**PROBLEM:** Retype, without changes, every line from the line that contains "9กศ 22 3.ป้ายทะเบียนรถ" through the final line of the records. Exclude pictures.

**RECORDS FOR THE EXERCISE:**
===============

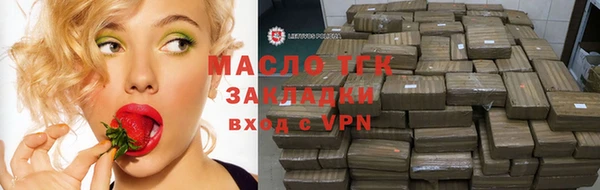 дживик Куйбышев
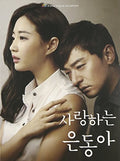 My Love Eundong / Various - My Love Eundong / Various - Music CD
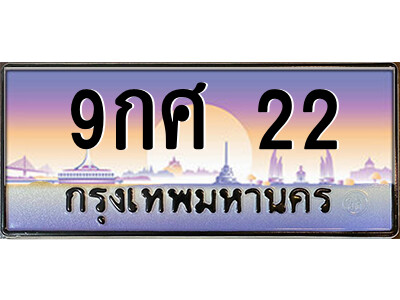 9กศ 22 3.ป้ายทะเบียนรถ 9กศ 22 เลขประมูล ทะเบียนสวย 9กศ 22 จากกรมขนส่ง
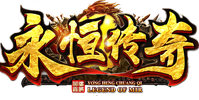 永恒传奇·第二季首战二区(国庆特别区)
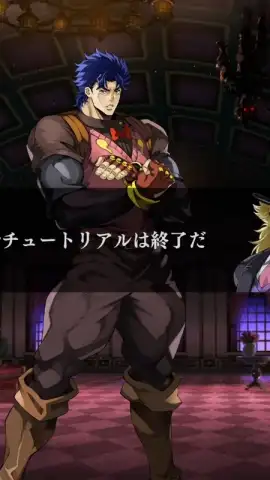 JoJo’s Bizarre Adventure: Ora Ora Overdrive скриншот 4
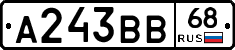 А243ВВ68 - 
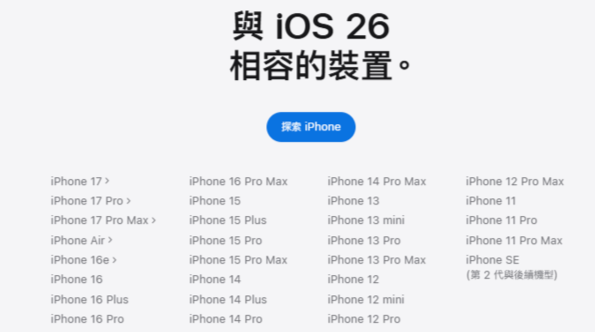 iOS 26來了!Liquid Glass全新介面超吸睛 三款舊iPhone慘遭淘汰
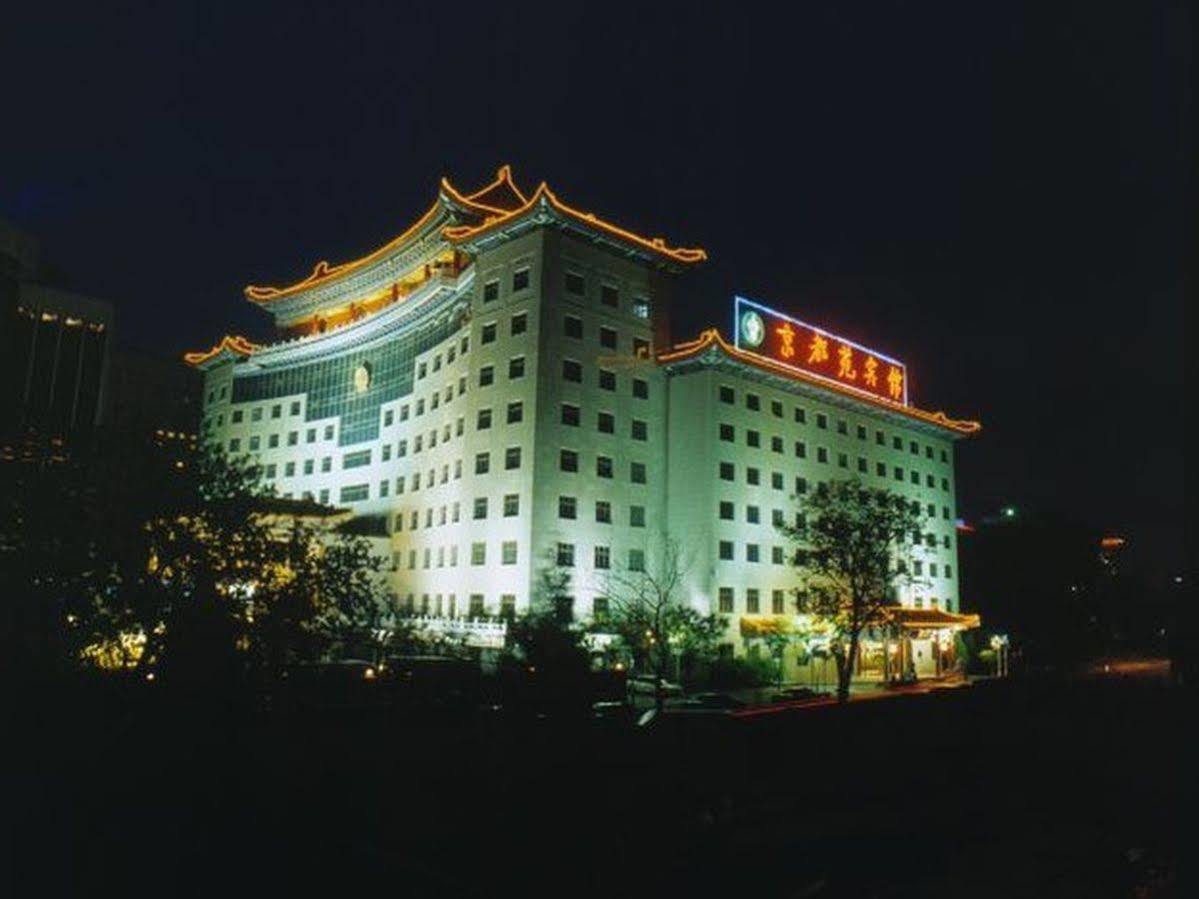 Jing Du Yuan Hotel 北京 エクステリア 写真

===============

**OUTPUT FOR THIS TASK:**
 9กศ 22 3.ป้ายทะเบียนรถ 9กศ 22 เลขประมูล ทะเบียนสวย 9กศ 22 จากกรมขนส่ง
 永恒传奇·第二季首战二区(国庆特别区)
 JoJo’s Bizarre Adventure: Ora Ora Overdrive скриншот 4
 А243ВВ68 - 
 iOS 26來了!Liquid Glass全新介面超吸睛 三款舊iPhone慘遭淘汰
 Jing Du Yuan Hotel 北京 エクステリア 写真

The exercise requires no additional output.